FLINT, Mich.—As I was knocking around Flint, a city neglected and ultimately poisoned by every level of government, my thoughts kept drifting to two phrases: “refreshing approach” and “in nothing we trust.”
The first phrase is my description, in a column last month, of Michigan Gov. Rick Snyder’s leadership style. What was I thinking? More on that later.
The second is the headline on an April 2012 cover story I wrote for National Journal magazine about a decades-long trend that threatens the nation’s soul: the failure of nearly every American institution to adapt to rapid social change and maintain the public’s trust. The story was told through the eyes of Johnny Whitmire, an unemployed construction worker who I met in a Muncie, Indiana, courthouse. He was fighting a $300 fine for failing to cut the lawn of a home he had forfeited to the bank.
Whitmire is an angry man. He is among a group of voters most skeptical of President Obama: noncollege-educated white males.
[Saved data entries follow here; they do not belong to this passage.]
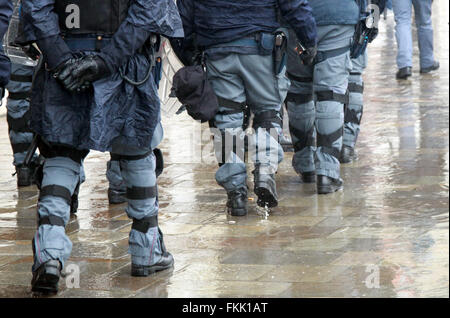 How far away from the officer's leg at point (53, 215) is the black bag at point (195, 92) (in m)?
1.34

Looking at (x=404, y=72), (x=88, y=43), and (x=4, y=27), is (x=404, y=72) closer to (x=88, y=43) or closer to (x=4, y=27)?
(x=88, y=43)

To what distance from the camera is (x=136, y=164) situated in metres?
5.81

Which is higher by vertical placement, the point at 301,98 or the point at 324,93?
→ the point at 324,93

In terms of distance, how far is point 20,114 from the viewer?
8344 mm

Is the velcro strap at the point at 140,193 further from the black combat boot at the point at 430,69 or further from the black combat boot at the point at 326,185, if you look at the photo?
the black combat boot at the point at 430,69

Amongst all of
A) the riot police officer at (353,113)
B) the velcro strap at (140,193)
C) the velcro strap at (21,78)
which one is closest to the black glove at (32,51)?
the velcro strap at (140,193)

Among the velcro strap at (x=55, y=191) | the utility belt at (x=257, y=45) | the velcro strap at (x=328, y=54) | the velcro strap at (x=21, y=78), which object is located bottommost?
the velcro strap at (x=21, y=78)

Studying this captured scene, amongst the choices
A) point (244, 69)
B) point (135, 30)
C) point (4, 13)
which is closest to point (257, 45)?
point (244, 69)

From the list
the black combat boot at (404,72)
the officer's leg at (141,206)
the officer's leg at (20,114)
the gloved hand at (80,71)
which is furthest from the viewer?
the black combat boot at (404,72)

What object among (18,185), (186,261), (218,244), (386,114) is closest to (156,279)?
(186,261)

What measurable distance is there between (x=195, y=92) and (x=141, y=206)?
134 centimetres

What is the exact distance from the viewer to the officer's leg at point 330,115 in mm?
7836

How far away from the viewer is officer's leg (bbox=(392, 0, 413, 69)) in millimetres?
13682

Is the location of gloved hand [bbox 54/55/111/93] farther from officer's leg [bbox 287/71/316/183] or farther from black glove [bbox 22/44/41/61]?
officer's leg [bbox 287/71/316/183] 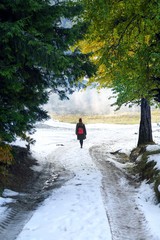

He feels betrayed—not just by Obama, who won his vote in 2008, but by the institutions that were supposed to protect him: his state, which laid off his wife; his government in Washington, which couldn’t rescue homeowners who had played by the rules; his bank, which failed to walk him through the correct paperwork or warn him about a potential mortgage hike; his city, which penalized him for somebody else’s error; and even his employer, a construction company he likes even though he got laid off.
Taking a break from mowing his bank’s weeds, Johnny told me, “You can’t trust anybody or anything anymore.”